#### TASK STATEMENT
With pictures excluded, copy word for word the lines in the data below from the line containing "Toyota Prius 2009, 513,381 km - 1.5 l - Bakı" through the line containing "Cleveland State Hospital".

(Saved entries)

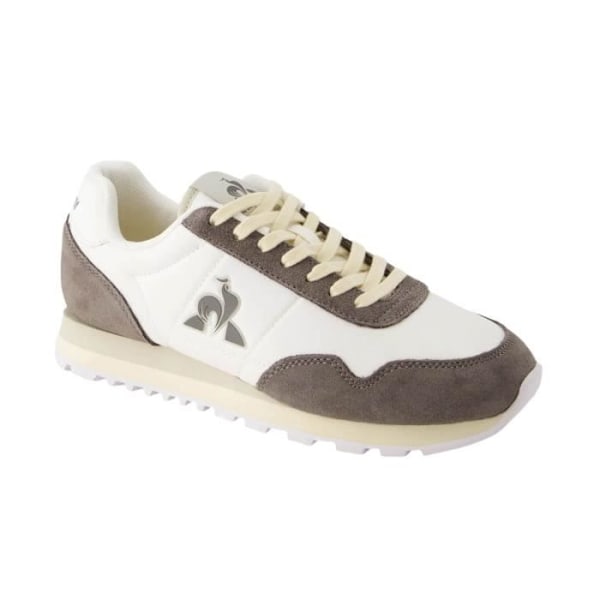 Sneakers - Le Coq Sportif - Astra 2 - Hvid - Damer - Komfortable Vit 40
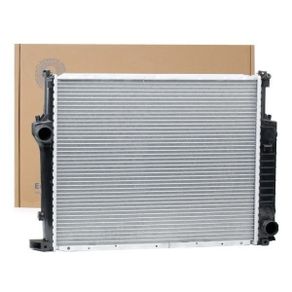 Nissens Radiator - BMW E30 E34 E32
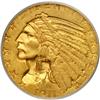 Image 1 : 1911 $5 Indian PCGS graded Genuine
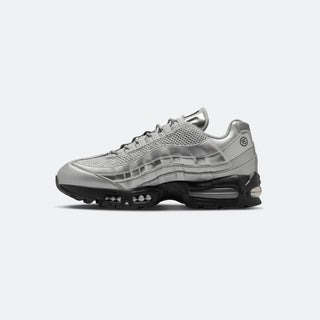 Nike Air Max 95 BB "Silver"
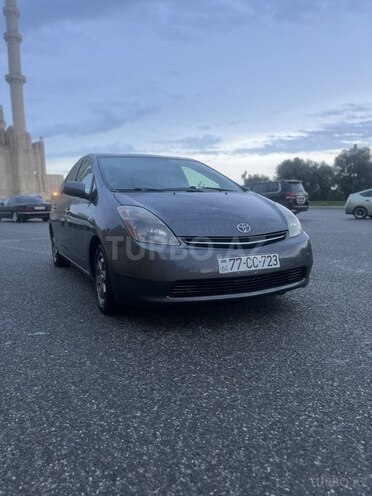 Toyota Prius 2009, 513,381 km - 1.5 l - Bakı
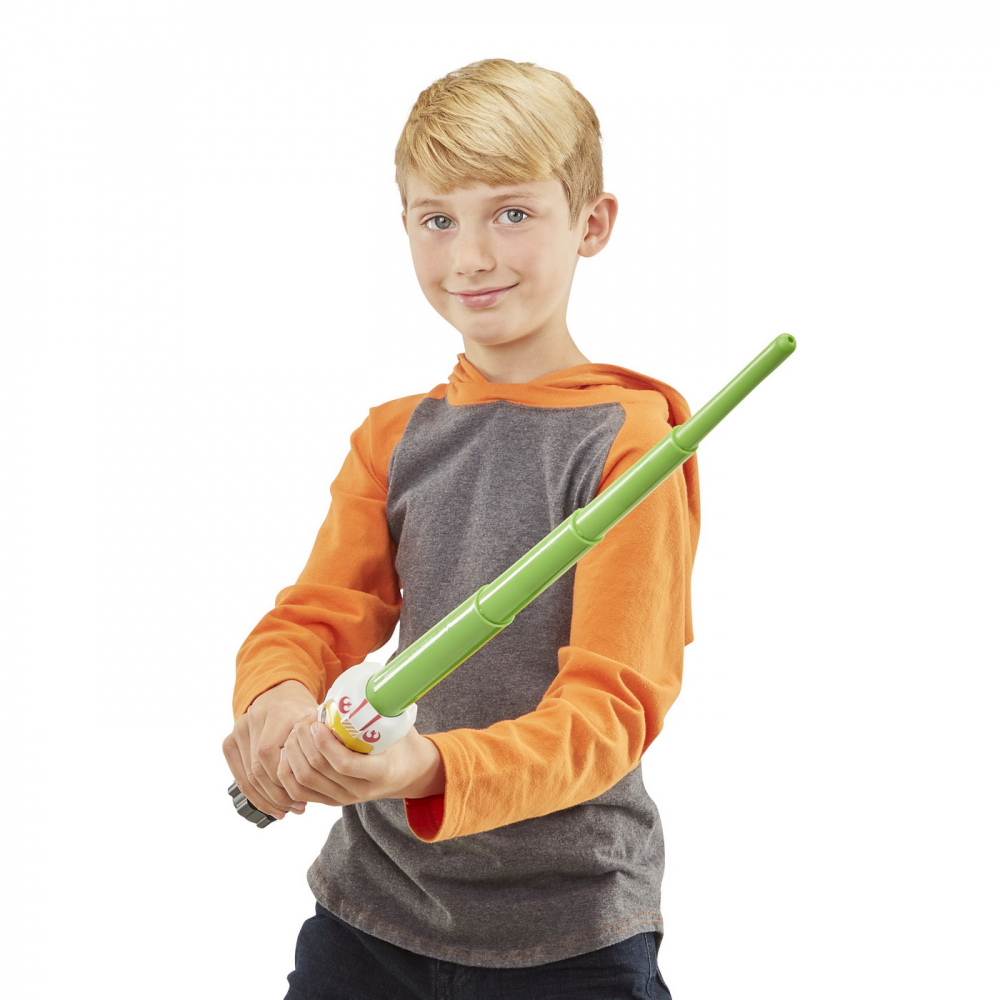 STAR WARS  SABIE LASER [7]
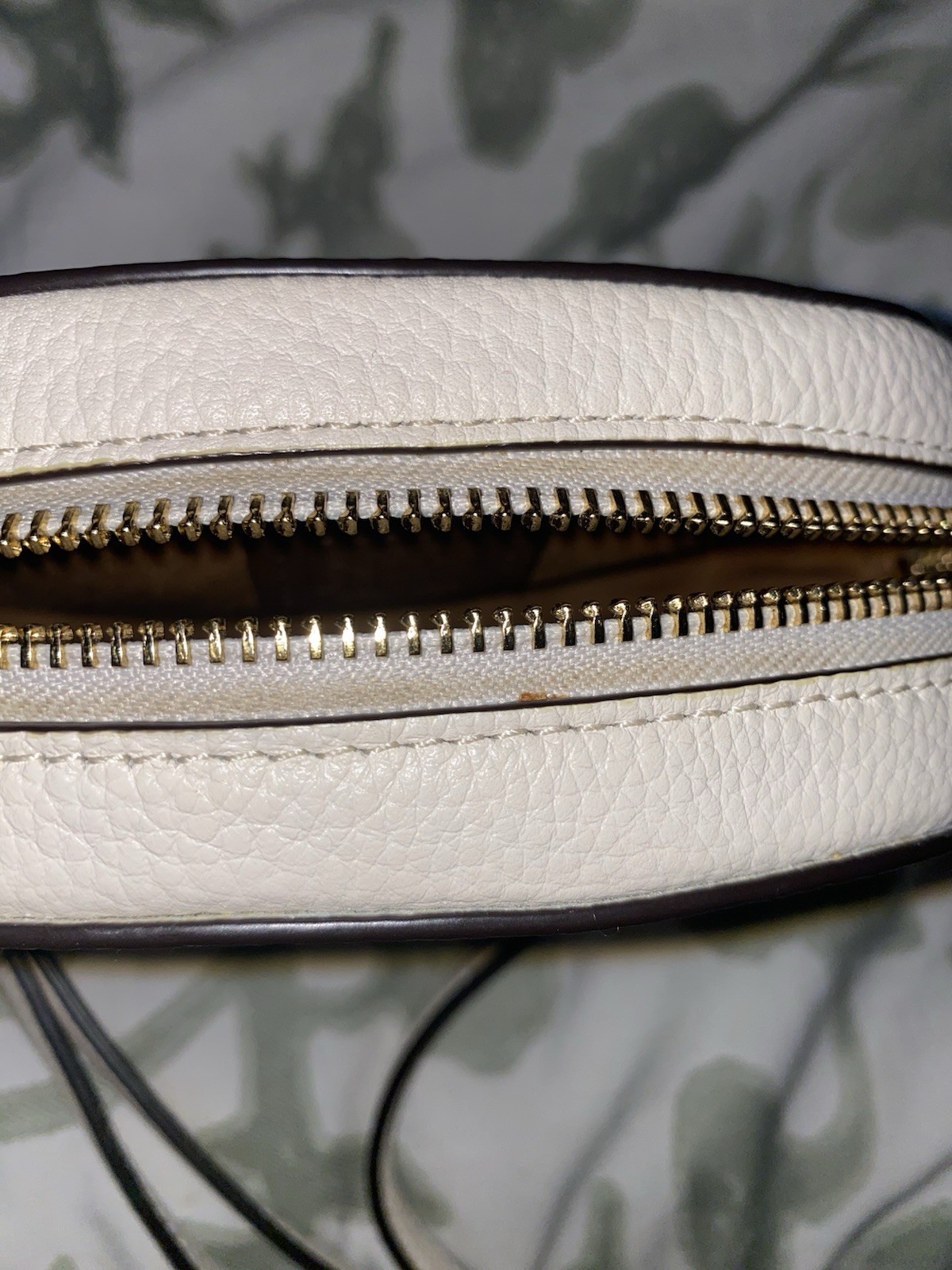 Coach x Peanuts Mini Serena Crossbody Purse – Woodstock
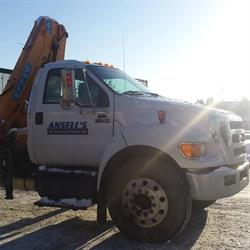 Ansell's Refrigeration & Heating Ltd, Cold Lake, AB opening hours
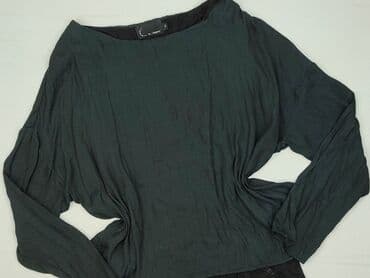 Ubrania damskie: KappAhl, Bluzka damska, M — 1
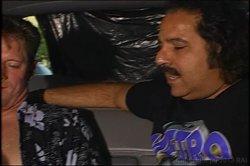 'Ron Jeremy on the Loose Venice Beach' screenshot nº 125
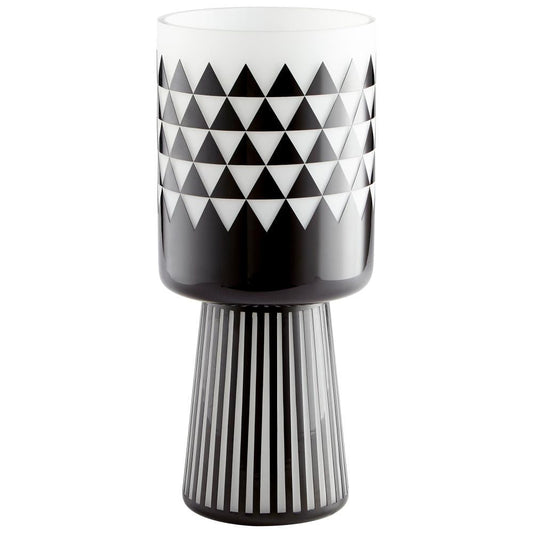 Cyan Design Vector Vase 16.5"H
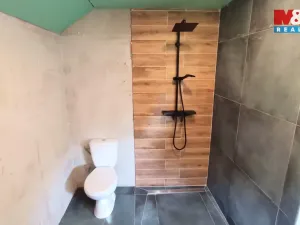 Prodej chalupy, Brandov, Rudé armády, 46 m2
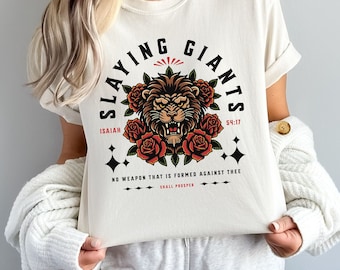Christelijke shirts Comfort kleuren christelijke kleding shirts bijbelvers christelijke T-shirts Jezus kleding geloof gebaseerde geschenken geloof shirt cadeau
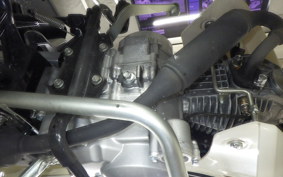 HONDA C110LITE 2020 JA76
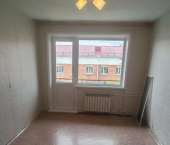 1-комн, 31кв м, этаж 5/5 улица Дзержинского,дом 18
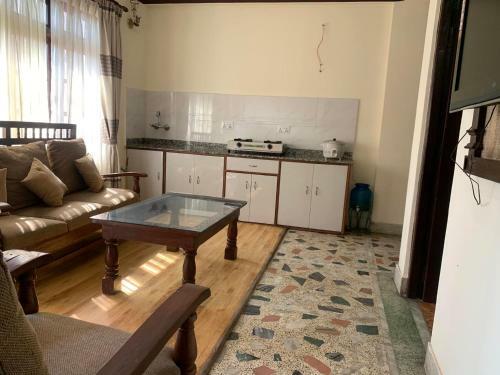 Nest Apartment Guest House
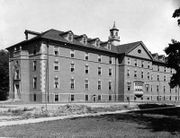 Cleveland State Hospital Image Gallery - Asylum Projects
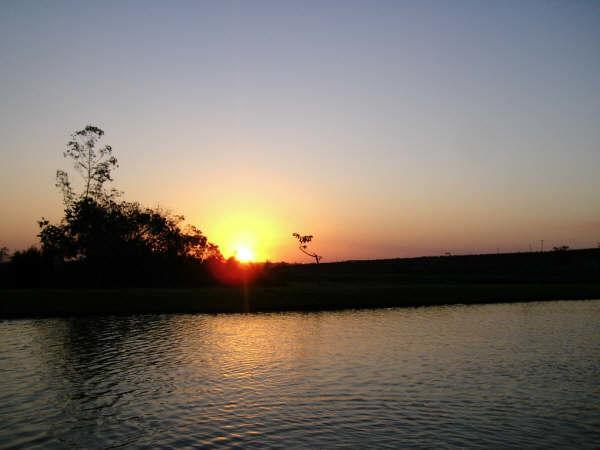 Pousada Fazenda Buracao Мокока Екстериор снимка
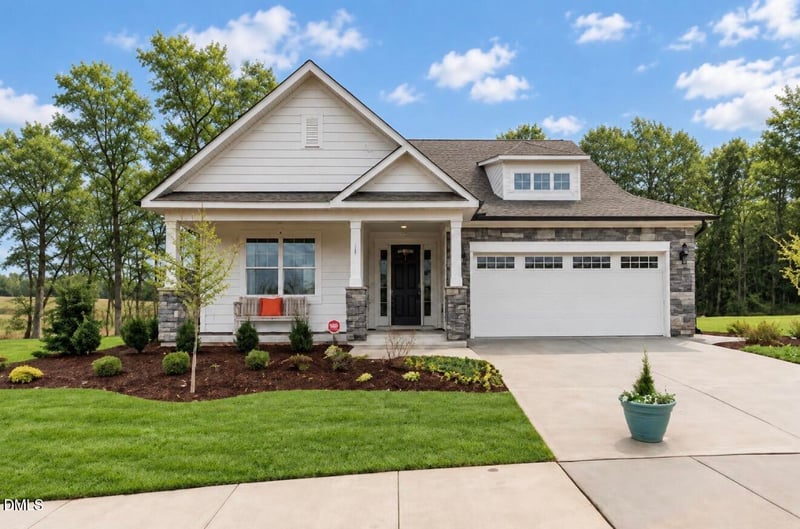 50 Ivy Ridge Way, Youngsville, NC 27596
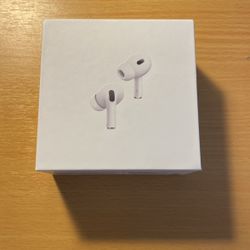 AirPod Pro 2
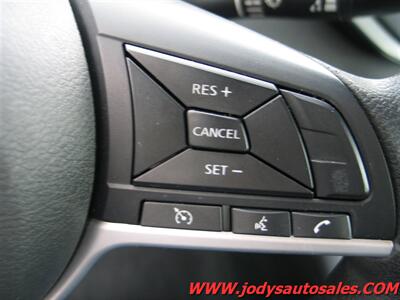 2021 Nissan Altima  2.5 S,  I4, BLUETOOTH - Photo 12 - North Platte, NE 69101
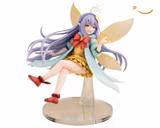 Оригінальна аніме фігурка «Magic Repo Man: Dumped by My Party, I'll Cash In With a Cute Support Fairy to Become the Strongest! Empee 1/1 Complete Figure», фото 15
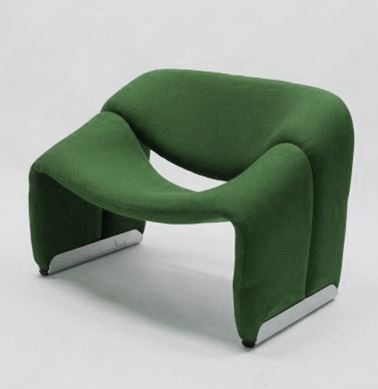 Groovy Chair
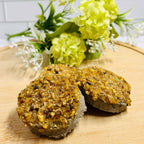 Sagrada Madre Charcoal Discs FRANKINCENSE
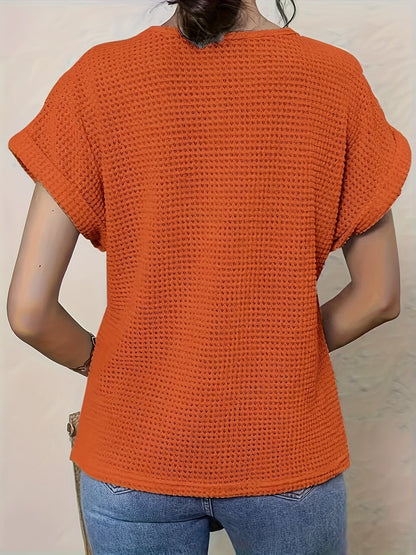 Classic Designed Blouse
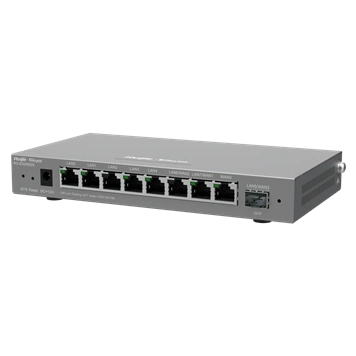 Ruijie Reyee RG-EG209GS SFP управляемый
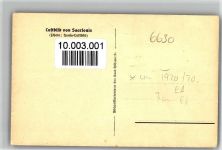 66740 W6630 Saarlouis - Luftaufnahme
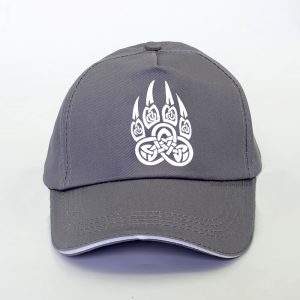 Casquette Ours Viking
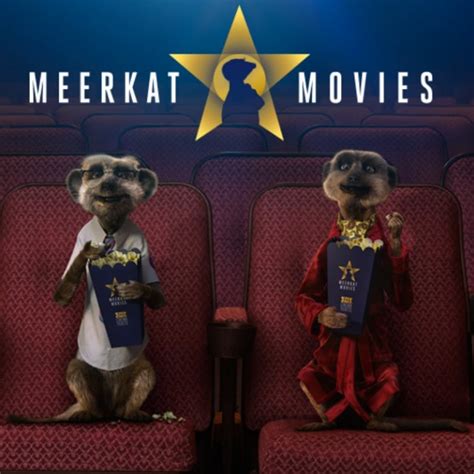 Meerkat Movies | 2-4-1 Cinema Tickets - West Coast Cinemas - Waterfront Cinema Greenock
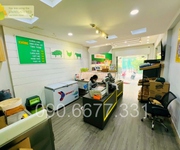 1 ‼ mặt tiền khu dân cư miếu nổi - phan xích long - vài bước ra bờ kè - 80m2 vuông vức - 2x tỷ  tl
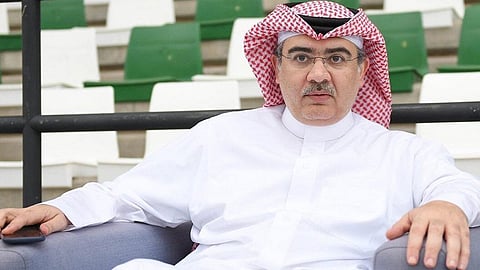 مؤمنة يتحدى «عمومية الأهلي» ويرفض الاستقالة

#### SOLUTION BELOW
 Toyota Prius 2009, 513,381 km - 1.5 l - Bakı
 STAR WARS  SABIE LASER [7]
 Coach x Peanuts Mini Serena Crossbody Purse – Woodstock
 Ansell's Refrigeration & Heating Ltd, Cold Lake, AB opening hours
 Ubrania damskie: KappAhl, Bluzka damska, M — 1
 'Ron Jeremy on the Loose Venice Beach' screenshot nº 125
 Cyan Design Vector Vase 16.5"H
 Prodej chalupy, Brandov, Rudé armády, 46 m2
Christelijke shirts Comfort kleuren christelijke kleding shirts bijbelvers christelijke T-shirts Jezus kleding geloof gebaseerde geschenken geloof shirt cadeau
 HONDA C110LITE 2020 JA76
 1-комн, 31кв м, этаж 5/5 улица Дзержинского,дом 18
 Nest Apartment Guest House
 Cleveland State Hospital Image Gallery - Asylum Projects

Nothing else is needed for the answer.